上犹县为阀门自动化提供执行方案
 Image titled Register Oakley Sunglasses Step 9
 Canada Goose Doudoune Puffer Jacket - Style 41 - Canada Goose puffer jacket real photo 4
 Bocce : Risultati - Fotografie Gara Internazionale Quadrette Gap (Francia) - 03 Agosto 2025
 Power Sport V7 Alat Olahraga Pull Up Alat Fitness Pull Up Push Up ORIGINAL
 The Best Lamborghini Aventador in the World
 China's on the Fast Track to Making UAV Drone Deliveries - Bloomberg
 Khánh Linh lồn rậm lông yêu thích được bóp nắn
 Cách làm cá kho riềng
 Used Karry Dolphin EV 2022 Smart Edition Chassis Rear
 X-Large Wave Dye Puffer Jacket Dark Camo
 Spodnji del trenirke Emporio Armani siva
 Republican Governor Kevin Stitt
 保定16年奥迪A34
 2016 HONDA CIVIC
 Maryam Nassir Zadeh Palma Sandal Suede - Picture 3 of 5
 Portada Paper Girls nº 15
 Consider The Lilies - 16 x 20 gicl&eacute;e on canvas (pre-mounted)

**EXERCISE DESCRIPTION**. From the line holding "X-Large Wave Dye Puffer Jacket Dark Camo" to the last line of the records, quote each line exactly and add nothing.

**ANSWER SECTION**.
 X-Large Wave Dye Puffer Jacket Dark Camo
 Spodnji del trenirke Emporio Armani siva
 Republican Governor Kevin Stitt
 保定16年奥迪A34
 2016 HONDA CIVIC
 Maryam Nassir Zadeh Palma Sandal Suede - Picture 3 of 5
 Portada Paper Girls nº 15
 Consider The Lilies - 16 x 20 gicl&eacute;e on canvas (pre-mounted)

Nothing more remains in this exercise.